The basement where the 1773 tea was stored at the Old Exchange. Rob Shenk

While the committee was made up of planters and mechanics, the town’s merchants were not included, and as a somewhat conservative group, they were concerned about recent events regarding commerce and trade. On December 9, “a General Meeting of the Gentlemen in Trade” was held at Mrs. Swallow’s Tavern at the northeast corner of Church and Broad Streets, just a short walk from the Exchange Building. This meeting was the formation of the Charleston Chamber of Commerce. Known today as the Charleston Metro Chamber of Commerce, it is the oldest city commercial chamber in the country, and its formation speaks to the complicated nature of business and politics at this pivotal time. 

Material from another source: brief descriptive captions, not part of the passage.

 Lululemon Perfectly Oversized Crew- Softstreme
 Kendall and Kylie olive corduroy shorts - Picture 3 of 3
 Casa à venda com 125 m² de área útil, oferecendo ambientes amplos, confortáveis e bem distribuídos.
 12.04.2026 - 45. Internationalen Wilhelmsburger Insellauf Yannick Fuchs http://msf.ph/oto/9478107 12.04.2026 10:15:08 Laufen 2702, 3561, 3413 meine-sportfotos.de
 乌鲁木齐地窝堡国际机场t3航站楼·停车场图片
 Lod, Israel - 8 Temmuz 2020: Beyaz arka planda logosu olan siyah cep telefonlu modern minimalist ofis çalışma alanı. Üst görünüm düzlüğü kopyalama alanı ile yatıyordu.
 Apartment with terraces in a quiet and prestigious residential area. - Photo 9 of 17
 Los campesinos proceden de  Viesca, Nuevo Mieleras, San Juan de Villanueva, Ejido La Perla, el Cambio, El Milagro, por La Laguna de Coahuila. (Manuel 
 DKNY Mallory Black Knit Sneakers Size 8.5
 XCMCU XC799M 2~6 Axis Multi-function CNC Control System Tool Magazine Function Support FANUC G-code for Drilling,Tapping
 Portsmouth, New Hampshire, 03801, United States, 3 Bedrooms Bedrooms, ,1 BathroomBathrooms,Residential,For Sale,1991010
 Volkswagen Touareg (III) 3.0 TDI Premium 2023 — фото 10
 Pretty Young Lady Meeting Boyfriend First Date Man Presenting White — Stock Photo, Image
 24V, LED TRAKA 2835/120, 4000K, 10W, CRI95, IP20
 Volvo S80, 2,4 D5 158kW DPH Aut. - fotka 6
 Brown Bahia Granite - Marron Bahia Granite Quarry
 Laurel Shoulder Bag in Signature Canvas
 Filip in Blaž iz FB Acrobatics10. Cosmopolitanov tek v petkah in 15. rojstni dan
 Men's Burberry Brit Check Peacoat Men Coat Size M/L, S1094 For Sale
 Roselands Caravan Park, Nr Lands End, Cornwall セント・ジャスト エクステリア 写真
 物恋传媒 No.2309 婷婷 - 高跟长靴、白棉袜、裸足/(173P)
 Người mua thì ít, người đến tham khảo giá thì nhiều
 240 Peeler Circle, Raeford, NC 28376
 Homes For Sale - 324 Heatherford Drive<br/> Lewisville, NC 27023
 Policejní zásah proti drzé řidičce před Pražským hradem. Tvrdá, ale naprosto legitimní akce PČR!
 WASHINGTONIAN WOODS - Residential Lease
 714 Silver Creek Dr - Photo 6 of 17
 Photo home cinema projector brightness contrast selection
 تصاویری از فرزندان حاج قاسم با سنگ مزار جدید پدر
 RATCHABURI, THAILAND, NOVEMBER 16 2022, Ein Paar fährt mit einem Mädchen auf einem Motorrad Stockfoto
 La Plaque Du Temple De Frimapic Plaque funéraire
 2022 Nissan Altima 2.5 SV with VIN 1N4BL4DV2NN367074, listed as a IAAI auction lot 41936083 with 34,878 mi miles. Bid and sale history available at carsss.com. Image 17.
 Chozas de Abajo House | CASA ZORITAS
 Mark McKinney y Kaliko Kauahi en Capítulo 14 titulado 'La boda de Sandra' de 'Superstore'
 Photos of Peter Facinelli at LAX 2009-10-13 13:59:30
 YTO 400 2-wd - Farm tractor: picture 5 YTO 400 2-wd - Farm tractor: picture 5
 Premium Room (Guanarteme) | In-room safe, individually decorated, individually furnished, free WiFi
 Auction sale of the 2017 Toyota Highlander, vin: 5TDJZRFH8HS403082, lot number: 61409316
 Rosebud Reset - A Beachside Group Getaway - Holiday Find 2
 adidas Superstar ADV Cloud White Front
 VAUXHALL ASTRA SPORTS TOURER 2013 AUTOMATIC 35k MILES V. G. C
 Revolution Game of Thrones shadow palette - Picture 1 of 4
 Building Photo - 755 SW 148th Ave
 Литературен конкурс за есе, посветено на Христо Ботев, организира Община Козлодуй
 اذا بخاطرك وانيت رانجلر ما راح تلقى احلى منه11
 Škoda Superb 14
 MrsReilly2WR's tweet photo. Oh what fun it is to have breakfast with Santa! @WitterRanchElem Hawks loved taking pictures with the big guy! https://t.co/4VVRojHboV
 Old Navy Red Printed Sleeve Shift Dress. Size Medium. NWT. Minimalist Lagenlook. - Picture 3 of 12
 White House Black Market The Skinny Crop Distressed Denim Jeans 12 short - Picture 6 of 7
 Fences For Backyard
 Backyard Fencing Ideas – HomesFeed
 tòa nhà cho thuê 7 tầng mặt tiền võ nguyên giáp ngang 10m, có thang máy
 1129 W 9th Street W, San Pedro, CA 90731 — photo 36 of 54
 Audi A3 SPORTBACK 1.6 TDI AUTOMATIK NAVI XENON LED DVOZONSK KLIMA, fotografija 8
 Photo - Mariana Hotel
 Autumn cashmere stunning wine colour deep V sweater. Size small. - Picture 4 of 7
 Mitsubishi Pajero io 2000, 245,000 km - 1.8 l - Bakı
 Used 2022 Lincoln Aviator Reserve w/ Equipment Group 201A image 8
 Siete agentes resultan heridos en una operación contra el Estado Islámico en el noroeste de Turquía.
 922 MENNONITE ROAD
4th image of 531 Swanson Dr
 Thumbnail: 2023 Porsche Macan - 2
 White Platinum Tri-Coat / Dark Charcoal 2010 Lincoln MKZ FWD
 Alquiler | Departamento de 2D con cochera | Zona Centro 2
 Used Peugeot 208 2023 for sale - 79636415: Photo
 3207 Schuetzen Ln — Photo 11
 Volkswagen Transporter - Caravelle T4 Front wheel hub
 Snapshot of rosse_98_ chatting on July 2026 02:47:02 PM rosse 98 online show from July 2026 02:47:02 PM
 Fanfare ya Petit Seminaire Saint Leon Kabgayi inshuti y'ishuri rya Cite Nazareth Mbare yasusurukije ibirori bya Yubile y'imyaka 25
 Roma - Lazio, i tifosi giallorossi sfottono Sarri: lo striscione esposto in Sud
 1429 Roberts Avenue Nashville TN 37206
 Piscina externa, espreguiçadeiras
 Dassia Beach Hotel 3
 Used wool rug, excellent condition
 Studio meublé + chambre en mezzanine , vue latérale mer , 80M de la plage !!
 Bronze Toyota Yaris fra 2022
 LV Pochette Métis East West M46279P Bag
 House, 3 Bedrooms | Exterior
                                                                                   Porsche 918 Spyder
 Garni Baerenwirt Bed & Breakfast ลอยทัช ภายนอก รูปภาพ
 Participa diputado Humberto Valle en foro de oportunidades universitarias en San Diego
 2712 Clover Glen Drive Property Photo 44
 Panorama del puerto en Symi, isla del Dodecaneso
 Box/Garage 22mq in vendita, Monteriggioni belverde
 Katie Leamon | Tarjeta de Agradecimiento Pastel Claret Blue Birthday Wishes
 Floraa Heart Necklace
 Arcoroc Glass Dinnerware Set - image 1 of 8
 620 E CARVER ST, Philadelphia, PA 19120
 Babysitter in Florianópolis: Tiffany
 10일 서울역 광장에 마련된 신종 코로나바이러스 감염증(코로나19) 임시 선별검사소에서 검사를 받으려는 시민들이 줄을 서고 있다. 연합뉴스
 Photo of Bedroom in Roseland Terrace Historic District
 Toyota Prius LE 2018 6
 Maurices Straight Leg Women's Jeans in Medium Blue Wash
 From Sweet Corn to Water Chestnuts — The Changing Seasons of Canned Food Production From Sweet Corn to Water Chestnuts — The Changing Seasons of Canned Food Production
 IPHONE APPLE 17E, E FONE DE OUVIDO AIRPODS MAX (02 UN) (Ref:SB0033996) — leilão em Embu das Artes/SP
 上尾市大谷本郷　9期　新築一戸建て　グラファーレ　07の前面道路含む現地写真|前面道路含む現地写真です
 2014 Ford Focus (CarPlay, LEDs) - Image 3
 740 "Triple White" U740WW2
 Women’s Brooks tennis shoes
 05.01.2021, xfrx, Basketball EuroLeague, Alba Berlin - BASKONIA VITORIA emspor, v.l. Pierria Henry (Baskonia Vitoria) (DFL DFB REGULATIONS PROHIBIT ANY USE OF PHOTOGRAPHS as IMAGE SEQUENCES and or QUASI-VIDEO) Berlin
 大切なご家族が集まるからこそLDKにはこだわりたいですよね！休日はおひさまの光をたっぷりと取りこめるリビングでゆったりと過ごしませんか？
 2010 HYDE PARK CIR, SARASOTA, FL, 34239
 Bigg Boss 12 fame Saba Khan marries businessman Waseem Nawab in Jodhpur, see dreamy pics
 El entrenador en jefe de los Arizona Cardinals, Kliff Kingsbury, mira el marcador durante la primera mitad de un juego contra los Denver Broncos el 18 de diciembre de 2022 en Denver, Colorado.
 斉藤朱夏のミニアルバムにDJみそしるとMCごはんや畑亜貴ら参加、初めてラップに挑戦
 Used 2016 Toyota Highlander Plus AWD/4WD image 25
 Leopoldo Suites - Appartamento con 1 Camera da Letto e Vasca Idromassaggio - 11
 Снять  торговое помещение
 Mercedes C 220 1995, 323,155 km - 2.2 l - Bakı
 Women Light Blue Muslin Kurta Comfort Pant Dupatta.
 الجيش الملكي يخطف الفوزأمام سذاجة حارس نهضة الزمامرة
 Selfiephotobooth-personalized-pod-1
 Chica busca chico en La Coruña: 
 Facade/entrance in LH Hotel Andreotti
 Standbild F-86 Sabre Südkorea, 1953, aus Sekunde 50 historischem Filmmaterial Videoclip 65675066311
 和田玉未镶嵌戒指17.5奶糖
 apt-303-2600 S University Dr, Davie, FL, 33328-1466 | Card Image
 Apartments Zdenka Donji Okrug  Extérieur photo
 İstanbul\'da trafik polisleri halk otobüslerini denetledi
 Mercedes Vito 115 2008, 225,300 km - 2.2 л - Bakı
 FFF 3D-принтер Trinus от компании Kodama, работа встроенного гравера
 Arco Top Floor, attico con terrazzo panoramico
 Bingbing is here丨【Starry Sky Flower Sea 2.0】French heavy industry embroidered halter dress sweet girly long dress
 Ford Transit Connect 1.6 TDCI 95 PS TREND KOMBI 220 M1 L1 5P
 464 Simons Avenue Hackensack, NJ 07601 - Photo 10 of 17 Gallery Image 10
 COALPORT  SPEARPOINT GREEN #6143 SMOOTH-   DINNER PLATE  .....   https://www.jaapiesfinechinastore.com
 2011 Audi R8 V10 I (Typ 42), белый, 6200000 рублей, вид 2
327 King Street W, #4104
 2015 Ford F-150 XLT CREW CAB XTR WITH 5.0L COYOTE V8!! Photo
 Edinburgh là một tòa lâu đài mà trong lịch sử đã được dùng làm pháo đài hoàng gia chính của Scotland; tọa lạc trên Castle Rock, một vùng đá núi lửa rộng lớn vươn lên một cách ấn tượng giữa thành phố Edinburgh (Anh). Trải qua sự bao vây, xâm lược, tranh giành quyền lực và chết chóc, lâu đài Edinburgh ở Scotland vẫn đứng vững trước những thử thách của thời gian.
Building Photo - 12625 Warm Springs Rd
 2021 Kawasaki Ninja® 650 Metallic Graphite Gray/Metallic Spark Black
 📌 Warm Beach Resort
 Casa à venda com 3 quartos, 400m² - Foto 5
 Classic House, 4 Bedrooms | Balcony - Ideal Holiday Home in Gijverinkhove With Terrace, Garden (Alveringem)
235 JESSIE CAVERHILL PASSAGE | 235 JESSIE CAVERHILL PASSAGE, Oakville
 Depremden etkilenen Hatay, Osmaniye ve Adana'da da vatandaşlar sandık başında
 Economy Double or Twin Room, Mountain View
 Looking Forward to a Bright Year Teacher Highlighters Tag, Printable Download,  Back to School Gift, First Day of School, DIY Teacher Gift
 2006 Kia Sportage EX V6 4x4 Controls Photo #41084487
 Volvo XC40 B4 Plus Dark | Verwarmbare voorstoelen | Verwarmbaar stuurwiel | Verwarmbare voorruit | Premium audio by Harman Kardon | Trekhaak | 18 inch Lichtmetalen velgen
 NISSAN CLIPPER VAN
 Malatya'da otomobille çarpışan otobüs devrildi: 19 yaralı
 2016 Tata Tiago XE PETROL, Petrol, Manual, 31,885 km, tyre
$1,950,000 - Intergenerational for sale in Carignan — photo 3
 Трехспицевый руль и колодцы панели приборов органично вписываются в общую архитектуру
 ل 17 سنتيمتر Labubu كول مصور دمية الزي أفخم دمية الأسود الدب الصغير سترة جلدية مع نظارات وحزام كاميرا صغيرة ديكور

Debate over the London’s cargo continued until December 22, when the customs clock expired. By law, Collector of Customs Robert Halliday was required to seize the tea if no duties had been paid within 21 days after a ship’s arrival. This was done quickly and efficiently, and all 257 chests of tea were confiscated and stored in the basement of the Exchange Building. This mild response embarrassed some of Charleston’s more ardent patriots, especially once news of Boston’s energetic December 16 Tea Party reached South Carolina. However, as the Earl of Dartmouth commented in a letter to Lieutenant Governor Bull, “What passed at Charles Town in consequence of the arrival of Captain Curling, Altho’ not equal in criminality to the Proceedings in other Colonies, can yet be considered in no other light than that of a most unwarrantable Insult to the authority of this Kingdom.” Another insult for Britain was to come, as several years later, in September 1776, the stored tea was sold to raise funds for the American cause for independence.